1993 memoir by George MacDonald Fraser

Quartered Safe Out Here: A Recollection of the War in Burma is a military memoir of World War II by George MacDonald Fraser, the author of The Flashman Papers series of novels. Quartered Safe Out Here was first published in 1993.

It describes in graphic and memorable detail Fraser's experiences as a 19-year-old private in 9th Battalion, The Border Regiment, fighting with the British 14th Army against the Imperial Japanese Army, during the latter stages of the Burma Campaign in late 1944 and 1945. This included his participation in the Battle of Meiktila and Mandalay and the Battle of Pokoku and Irrawaddy River operations.

The military historian Sir John Keegan wrote: "There is no doubt that it is one of the great personal memoirs of the Second World War." Keegan gives similar praise to Norman Lewis's Naples '44 memoir, later produced as a feature film. Fraser's book has also been praised by the English author Melvyn Bragg and the American playwright David Mamet.

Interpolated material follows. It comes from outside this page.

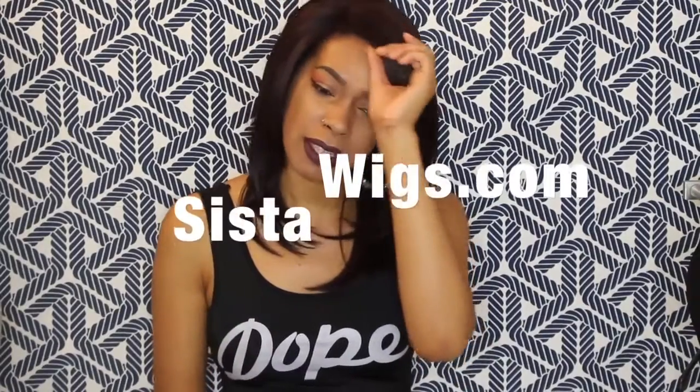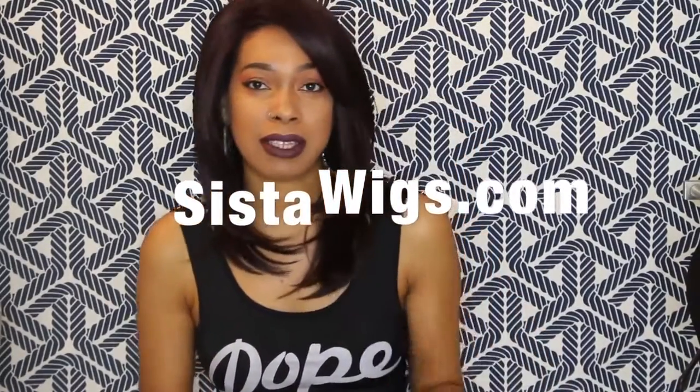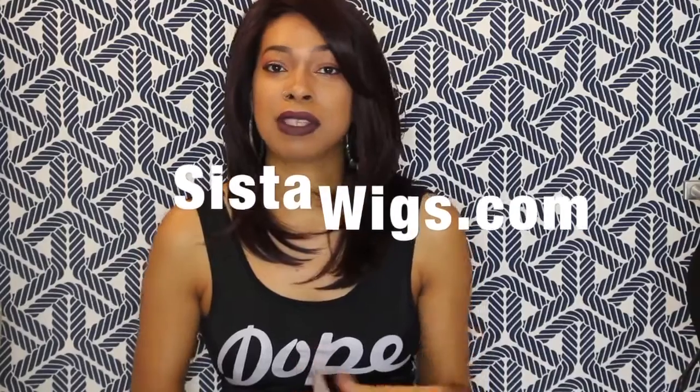How's everyone doing? Mojave Flaw coming back with another review. I'm back. This unit was sent to me from Sister Wigs. I'm going to leave their website down below in the description box so you can just click on the link and it'll take you directly to this unit.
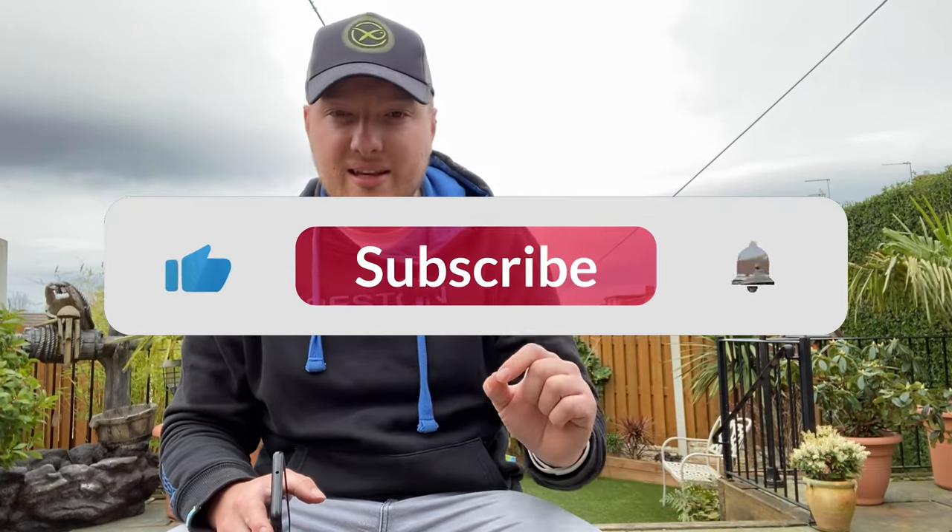We got rid of the Matrix and we've got this now - this will be my new seatbox going forward. Thank you ever so much for the support on the last seatbox review, it absolutely blew up - we got loads of subscribers, loads of likes, loads of comments. If we can do that again and beat it, that would be amazing. Make sure you check out my other videos on the channel, keep subscribing, liking, sharing and posting your comments down below.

The book's title is a quotation from Rudyard Kipling's 1890 poem "Gunga Din", and is ironic since Fraser certainly was not "quartered safe out here", while serving in Burma during one of the final campaigns of the war.

The book includes several criticisms of the state of Britain today. Fraser called it "an extremely politically incorrect book."

== Adaptation ==
The book was adapted into an audio drama by Robin Brooks, with Nicholas Nunn as Fraser. It was broadcast on BBC Radio 4 in July 2025.